Activity
The listing below holds pictures; exclude them. Return exactly the lines from the one with "For question 10, we" through the one with "Hello guys, in".

Data under study
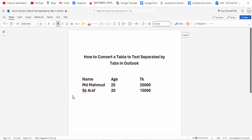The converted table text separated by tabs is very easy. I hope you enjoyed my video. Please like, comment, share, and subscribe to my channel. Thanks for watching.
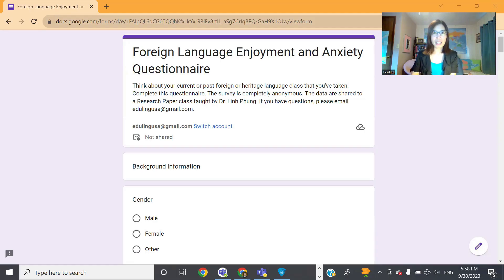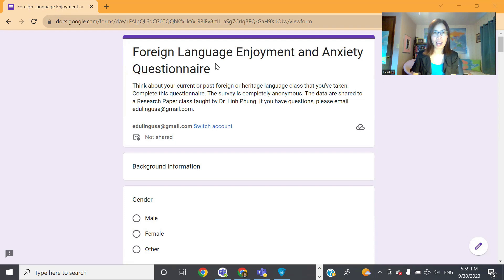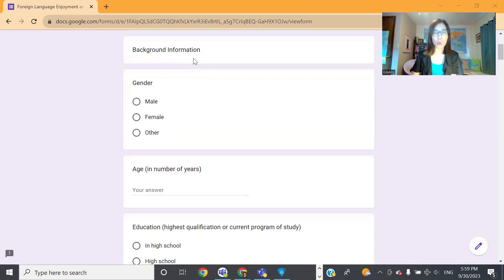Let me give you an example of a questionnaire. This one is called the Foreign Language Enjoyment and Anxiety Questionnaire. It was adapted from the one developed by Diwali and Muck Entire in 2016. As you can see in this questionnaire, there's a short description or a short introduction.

---

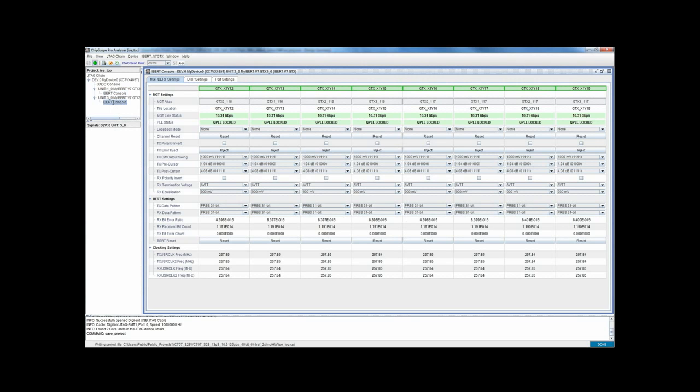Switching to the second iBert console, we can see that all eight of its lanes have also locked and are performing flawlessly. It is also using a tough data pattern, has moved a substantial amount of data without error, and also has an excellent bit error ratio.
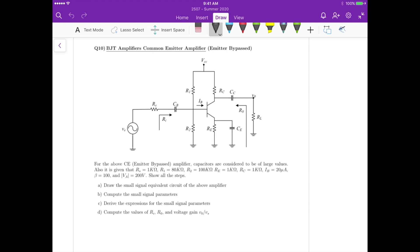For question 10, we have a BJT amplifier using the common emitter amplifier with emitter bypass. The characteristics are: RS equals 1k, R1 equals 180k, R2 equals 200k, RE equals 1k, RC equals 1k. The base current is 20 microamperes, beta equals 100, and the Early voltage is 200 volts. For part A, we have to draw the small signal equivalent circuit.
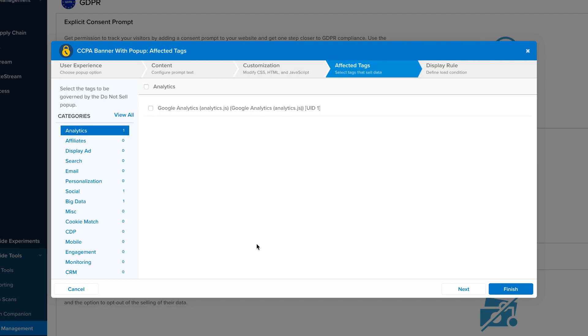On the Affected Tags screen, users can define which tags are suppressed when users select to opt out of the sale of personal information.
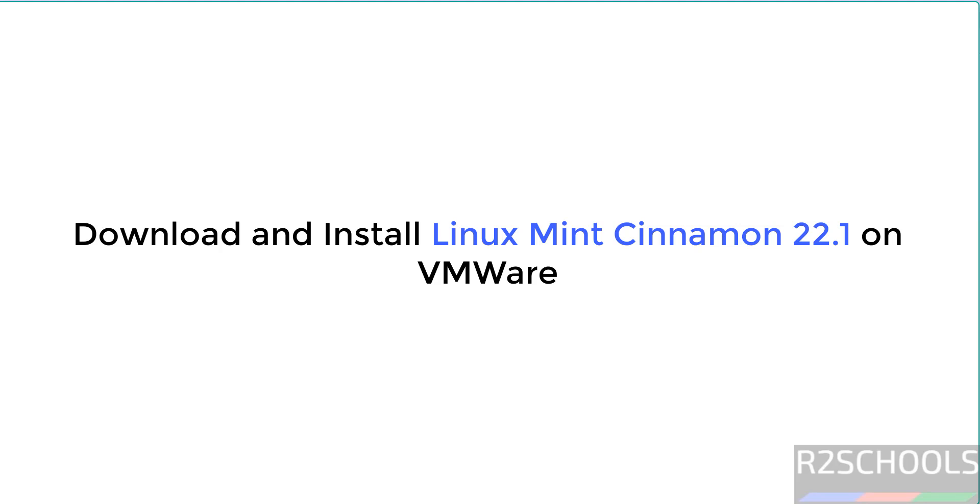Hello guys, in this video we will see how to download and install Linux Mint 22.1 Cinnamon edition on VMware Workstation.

The completed task
For question 10, we have a BJT amplifier using the common emitter amplifier with emitter bypass. The characteristics are: RS equals 1k, R1 equals 180k, R2 equals 200k, RE equals 1k, RC equals 1k. The base current is 20 microamperes, beta equals 100, and the Early voltage is 200 volts. For part A, we have to draw the small signal equivalent circuit.
On the Affected Tags screen, users can define which tags are suppressed when users select to opt out of the sale of personal information.
Hello guys, in this video we will see how to download and install Linux Mint 22.1 Cinnamon edition on VMware Workstation.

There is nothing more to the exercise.